Oh, another escape: playing the guitar. It only makes me feel good if I can actually play a tune – just trying to muddle through something doesn't feel so good so there's yet another reason to learn some more tunes. If only people would realize just how annoying it is for them to walk in the room and start talking to me when I'm playing.

A word about us guys: many of us when faced with this sort of thing will turn away from it. We can be found frantically mowing the yard, cleaning the garage, digging holes in the back yard, and various other tasks that are meaningless in the context of family illness. It's all about control – being out of control is one of the worst feelings a guy can have and by golly when the grass is being mowed, we're in control of that. “HAH! Check out THIS surgery baby – thousands of blades of grass are now shorter by the power of my mighty hand! (and the power of my 3.5 hp Briggs and Stratton)” Yeah, whatever but that's how my mind works. I have not done any of these things; I have stayed inside and tried to be useful. I have helped changes bandages (once – not much is it?), I have filled and emptied the dishwasher numerous times, I have carted kids around, etc. I have tried to go to work and be useful as well so that we can pay for all this. But it's pretty hard. Being an adult is losing it's attraction for me.

In conclusion, I love irony. On my first day back at work after my wife's breast cancer surgery, I look out the window of my office and in the parking lot they are preparing for the Susan Komen Race for the Cure which is the local fund raiser for breast cancer awareness and research. The race starts and ends right where I am. In more ways than one perhaps.

Well we're home after another marathon session at Saint Francis hospital. The surgery itself only occupies about an hour and a half; the rest of the time was spent waiting on one thing or another.

But the end result is that Melissa came through well and is walking around now although with a rather altered figure. The surgeon is optimistic and we will hear back from the lab regarding the biopsy of the removed tissue. He doesn't anticipate any bad news there; he feels that based on the earlier biopsy that all the cancer was non invasive and this will be the end of it but we have to meet with an oncologist anyway.
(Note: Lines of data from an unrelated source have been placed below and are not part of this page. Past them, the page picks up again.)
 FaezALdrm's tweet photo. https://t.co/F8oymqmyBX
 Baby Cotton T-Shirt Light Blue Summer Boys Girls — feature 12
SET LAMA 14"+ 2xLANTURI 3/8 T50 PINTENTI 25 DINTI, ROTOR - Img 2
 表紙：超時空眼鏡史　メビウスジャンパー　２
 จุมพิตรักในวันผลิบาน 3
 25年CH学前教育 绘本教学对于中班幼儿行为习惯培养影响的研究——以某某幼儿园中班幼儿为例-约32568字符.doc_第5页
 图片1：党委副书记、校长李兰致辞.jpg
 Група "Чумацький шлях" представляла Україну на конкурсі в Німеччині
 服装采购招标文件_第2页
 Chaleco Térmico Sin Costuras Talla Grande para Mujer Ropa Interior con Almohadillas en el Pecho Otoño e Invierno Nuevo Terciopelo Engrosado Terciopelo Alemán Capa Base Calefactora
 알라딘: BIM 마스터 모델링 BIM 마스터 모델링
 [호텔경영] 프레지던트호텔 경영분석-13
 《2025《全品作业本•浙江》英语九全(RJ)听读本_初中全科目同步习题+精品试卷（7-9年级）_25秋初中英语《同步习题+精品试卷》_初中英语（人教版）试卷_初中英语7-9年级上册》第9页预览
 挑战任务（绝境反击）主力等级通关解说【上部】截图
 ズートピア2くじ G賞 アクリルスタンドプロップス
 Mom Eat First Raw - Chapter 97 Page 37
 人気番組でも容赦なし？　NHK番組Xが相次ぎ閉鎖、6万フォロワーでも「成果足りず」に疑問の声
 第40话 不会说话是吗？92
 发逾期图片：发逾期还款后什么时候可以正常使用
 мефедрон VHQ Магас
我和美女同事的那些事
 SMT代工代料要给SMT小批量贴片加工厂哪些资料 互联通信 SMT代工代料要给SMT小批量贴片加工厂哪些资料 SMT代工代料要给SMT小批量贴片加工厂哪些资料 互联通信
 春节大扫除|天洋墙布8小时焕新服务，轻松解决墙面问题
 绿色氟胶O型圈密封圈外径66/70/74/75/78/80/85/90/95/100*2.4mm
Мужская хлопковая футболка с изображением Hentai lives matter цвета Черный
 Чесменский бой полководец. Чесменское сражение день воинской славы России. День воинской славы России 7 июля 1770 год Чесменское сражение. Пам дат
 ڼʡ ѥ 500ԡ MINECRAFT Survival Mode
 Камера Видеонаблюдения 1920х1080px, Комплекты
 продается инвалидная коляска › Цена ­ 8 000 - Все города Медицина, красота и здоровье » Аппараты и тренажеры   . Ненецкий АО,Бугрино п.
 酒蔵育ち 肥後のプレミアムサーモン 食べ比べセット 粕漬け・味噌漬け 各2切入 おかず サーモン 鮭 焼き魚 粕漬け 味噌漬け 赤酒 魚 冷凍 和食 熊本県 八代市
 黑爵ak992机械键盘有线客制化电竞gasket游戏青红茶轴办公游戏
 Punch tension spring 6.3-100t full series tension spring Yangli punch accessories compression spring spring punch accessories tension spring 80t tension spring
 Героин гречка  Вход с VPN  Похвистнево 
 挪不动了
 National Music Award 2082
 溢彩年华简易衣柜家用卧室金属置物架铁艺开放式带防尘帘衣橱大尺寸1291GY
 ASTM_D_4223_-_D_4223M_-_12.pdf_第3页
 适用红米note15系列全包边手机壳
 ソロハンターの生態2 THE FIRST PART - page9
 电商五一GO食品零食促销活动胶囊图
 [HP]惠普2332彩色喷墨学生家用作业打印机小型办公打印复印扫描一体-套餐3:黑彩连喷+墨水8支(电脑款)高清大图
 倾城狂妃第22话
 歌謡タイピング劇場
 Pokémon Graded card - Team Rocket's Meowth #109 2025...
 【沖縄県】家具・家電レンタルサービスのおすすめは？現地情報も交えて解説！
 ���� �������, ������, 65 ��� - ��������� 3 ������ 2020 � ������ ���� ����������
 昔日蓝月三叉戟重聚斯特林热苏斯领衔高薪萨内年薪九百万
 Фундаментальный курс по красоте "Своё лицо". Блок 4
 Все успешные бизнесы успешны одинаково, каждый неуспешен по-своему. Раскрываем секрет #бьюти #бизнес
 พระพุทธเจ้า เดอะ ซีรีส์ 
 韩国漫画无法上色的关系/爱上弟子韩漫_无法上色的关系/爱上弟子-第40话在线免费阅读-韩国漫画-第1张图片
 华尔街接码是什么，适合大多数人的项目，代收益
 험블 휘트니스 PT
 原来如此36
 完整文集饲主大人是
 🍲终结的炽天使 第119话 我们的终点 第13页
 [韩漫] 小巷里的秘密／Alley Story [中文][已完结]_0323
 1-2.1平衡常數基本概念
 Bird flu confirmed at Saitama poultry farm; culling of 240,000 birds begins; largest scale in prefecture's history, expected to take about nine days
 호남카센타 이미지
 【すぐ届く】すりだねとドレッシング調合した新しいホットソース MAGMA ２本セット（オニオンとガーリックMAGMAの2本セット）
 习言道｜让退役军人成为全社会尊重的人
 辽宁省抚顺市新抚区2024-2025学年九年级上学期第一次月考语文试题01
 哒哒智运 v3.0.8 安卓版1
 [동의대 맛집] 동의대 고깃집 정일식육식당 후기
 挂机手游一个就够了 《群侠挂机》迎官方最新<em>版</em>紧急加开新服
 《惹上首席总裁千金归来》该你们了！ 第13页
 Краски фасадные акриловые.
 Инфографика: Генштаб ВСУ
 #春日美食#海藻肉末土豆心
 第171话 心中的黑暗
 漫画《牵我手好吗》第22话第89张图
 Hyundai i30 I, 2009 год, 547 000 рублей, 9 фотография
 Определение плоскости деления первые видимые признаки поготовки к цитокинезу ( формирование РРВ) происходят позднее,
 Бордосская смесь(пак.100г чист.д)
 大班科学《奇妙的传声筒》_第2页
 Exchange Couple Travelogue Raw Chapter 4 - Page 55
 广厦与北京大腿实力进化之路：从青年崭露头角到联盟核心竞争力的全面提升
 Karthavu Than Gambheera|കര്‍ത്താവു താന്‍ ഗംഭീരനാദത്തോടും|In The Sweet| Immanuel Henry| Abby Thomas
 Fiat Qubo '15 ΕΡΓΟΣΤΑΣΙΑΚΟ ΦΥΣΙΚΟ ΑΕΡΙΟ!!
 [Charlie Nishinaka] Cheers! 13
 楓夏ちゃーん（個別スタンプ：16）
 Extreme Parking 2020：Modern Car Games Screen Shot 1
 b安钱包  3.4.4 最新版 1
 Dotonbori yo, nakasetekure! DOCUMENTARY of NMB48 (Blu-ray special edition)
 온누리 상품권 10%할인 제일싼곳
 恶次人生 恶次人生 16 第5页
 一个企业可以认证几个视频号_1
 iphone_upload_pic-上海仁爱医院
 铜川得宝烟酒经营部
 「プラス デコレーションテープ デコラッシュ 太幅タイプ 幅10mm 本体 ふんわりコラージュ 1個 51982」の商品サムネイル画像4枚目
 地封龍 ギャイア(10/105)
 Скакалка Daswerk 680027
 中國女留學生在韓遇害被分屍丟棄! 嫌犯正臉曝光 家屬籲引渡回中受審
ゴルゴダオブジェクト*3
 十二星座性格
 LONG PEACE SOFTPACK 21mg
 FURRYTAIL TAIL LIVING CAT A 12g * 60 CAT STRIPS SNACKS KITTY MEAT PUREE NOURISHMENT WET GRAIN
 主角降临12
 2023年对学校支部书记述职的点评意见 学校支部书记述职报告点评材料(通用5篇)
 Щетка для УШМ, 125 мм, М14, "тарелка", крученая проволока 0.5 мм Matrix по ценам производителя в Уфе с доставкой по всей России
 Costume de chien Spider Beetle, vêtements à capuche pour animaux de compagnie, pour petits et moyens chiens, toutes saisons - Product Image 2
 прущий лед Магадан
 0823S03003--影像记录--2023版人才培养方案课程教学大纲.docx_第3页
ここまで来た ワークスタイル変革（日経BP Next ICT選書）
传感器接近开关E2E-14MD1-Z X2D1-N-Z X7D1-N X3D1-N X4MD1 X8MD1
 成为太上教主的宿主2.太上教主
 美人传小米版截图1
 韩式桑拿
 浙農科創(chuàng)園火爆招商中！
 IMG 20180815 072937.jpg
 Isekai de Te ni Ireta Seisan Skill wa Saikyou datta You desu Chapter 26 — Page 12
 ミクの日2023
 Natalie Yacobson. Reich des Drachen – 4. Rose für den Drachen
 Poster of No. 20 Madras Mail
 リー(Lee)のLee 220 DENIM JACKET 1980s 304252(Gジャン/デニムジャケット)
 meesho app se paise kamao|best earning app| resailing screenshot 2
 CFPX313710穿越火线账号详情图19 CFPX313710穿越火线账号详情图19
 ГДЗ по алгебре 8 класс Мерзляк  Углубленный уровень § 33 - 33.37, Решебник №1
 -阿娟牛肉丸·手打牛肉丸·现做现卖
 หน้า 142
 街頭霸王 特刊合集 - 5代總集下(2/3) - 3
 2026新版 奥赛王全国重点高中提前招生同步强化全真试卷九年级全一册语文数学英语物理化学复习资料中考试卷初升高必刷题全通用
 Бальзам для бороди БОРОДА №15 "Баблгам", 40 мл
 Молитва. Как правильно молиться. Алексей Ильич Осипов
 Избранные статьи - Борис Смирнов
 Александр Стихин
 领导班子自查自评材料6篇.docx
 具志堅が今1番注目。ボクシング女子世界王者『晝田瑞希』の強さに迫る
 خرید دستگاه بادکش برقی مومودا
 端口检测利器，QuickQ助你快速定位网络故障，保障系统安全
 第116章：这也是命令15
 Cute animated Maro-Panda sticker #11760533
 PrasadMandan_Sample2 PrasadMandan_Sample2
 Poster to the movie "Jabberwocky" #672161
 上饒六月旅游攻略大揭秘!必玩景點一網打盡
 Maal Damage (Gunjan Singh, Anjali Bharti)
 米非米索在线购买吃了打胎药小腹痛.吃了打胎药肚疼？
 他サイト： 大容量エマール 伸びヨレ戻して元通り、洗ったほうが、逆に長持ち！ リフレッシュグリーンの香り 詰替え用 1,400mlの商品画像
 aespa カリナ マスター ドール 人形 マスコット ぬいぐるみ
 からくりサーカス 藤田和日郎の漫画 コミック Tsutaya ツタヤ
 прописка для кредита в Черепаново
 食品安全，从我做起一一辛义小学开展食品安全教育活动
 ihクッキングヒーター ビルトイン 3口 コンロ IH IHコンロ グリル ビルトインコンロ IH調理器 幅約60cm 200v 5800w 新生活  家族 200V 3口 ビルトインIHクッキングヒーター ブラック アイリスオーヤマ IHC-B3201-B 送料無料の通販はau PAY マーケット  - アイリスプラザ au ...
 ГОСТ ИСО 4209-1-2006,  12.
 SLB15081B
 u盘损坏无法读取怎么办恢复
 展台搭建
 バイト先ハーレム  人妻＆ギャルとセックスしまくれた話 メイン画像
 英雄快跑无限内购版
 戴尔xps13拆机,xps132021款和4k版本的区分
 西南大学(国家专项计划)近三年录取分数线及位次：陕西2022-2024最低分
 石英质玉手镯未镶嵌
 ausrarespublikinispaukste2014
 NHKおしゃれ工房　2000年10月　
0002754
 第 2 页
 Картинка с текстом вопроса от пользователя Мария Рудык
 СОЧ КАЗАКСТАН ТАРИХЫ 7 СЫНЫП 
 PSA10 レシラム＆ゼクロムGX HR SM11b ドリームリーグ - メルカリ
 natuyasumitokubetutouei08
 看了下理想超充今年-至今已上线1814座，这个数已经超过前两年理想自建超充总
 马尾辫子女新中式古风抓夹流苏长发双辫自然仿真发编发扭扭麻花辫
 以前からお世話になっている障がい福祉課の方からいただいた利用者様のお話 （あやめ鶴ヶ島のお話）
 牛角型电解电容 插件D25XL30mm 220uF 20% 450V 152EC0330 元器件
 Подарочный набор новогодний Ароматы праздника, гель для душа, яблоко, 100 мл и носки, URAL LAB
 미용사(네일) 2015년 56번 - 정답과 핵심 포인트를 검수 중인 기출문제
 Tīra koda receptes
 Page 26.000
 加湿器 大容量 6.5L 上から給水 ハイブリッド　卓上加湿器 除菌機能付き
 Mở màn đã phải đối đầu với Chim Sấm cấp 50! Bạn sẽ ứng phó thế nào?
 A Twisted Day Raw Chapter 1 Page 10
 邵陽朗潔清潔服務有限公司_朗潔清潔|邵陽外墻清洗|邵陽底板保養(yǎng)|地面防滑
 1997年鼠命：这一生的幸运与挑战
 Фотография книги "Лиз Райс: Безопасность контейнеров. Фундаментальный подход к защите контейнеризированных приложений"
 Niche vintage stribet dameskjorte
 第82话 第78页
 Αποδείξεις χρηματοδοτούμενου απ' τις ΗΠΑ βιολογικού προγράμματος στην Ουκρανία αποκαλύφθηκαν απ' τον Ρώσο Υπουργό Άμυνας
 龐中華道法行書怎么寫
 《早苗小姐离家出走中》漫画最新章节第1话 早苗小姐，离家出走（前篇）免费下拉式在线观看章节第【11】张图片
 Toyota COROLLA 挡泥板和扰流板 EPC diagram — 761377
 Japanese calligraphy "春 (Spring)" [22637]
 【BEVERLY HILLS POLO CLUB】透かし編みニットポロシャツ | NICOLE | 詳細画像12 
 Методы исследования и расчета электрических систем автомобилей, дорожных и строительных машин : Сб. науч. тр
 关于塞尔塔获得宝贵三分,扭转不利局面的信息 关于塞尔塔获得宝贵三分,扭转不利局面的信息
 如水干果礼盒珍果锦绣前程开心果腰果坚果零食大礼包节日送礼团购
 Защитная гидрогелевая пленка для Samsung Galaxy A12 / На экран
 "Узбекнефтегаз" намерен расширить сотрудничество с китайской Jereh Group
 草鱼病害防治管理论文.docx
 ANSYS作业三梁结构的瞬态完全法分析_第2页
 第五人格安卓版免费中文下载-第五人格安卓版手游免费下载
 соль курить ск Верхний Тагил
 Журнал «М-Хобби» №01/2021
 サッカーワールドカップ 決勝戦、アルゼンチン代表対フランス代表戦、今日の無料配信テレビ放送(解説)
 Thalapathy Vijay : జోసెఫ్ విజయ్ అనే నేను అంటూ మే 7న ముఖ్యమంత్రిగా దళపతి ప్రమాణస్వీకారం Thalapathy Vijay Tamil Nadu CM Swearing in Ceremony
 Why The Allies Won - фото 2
I figured that I need a bit of humor in amongst all the breast cancer stuff.

For several days, we've heard a mooing sound around dinnertime. When we
hear the moo, the kids will freeze then start laughing. I just filed it
away in my mind as something that sounds cow-like but isn't. Still, it
made me wonder.

Well wonder no more. While out walking the dog I
encountered an icecream truck that mooed loudly as it rolled along. On
the side it said: “HOLY COW THE ICE CREAM MAN!”

Now I know.

It sure beats the annoying tinkling music.